All of these markets are highly concentrated, and the acquisition would substantially increase concentration in each market, leaving the combined firm as the only provider in some markets, and one of only two providers in other markets.
The consent agreement settling the FTC’s complaint against JAB and its subsidiaries requires them to:
Divest assets. JAB must sell six clinics to divestiture buyer United Veterinary Care, LLC, no later than 10 days after its acquisition of Sage is consummated. The divested clinics include three SAGE facilities in Austin, Texas, and three clinics operated by a subsidiary of JAB located in San Mateo, Berkeley, and Fairfield, California.
- Seek prior approval for an acquisition of a specialty or emergency veterinary clinic located within 25 miles of a JAB-owned veterinary specialty or emergency clinic, for the states of California and Texas.
- Provide the Commission with prior notice for an acquisition of a specialty or emergency veterinary clinic located within 25 miles of a JAB-owned veterinary specialty or emergency clinic, for the entire United States.
- Comply with the prior notice requirement on a nationwide basis and the prior approval requirement in Texas and California for 10 years.
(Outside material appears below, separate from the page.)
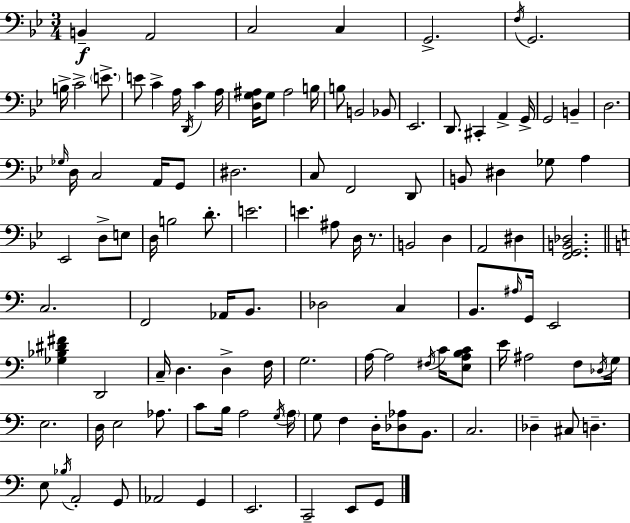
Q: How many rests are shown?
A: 1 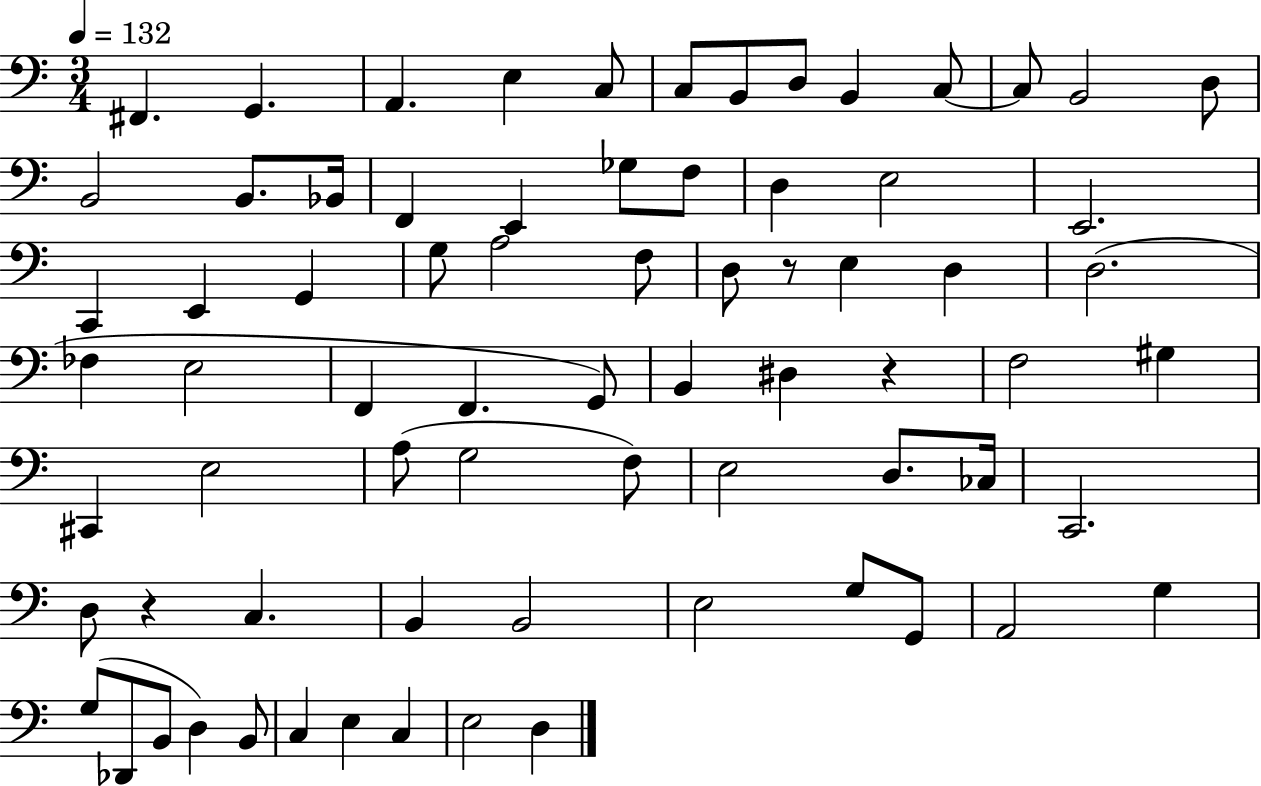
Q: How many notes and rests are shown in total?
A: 73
The proposed order also requires divestiture buyer United Veterinary Care, LLC, to obtain prior approval from the Commission before transferring any of the divested assets to any buyer for 10 years after acquiring the divestiture assets, except in the case of a sale of all or substantially all of the company’s business.
Further details about the order, including the appointment of a monitor to oversee compliance, can be found in the analysis to aid public comment.
The Commission vote to issue the complaint and accept the proposed order for public comment was 5-0. Chair Lina M. Khan issued a statement joined by Commissioners Rebecca Kelly Slaughter and Alvaro Bedoya. Commissioners Noah Joshua Phillips and Christine S. Wilson also issued a statement. The FTC will publish the consent agreement package in the Federal Register shortly. Instructions for filing comments appear in the published notice. Comments must be received 30 days after publication in the Federal Register. Once processed, comments will be posted on Regulations.gov.
NOTE: The Commission issues an administrative complaint when it has “reason to believe” that the law has been or is being violated, and it appears to the Commission that a proceeding is in the public interest. When the Commission issues a consent order on a final basis, it carries the force of law with respect to future actions. Each violation of such an order may result in a civil penalty of up to $46,517.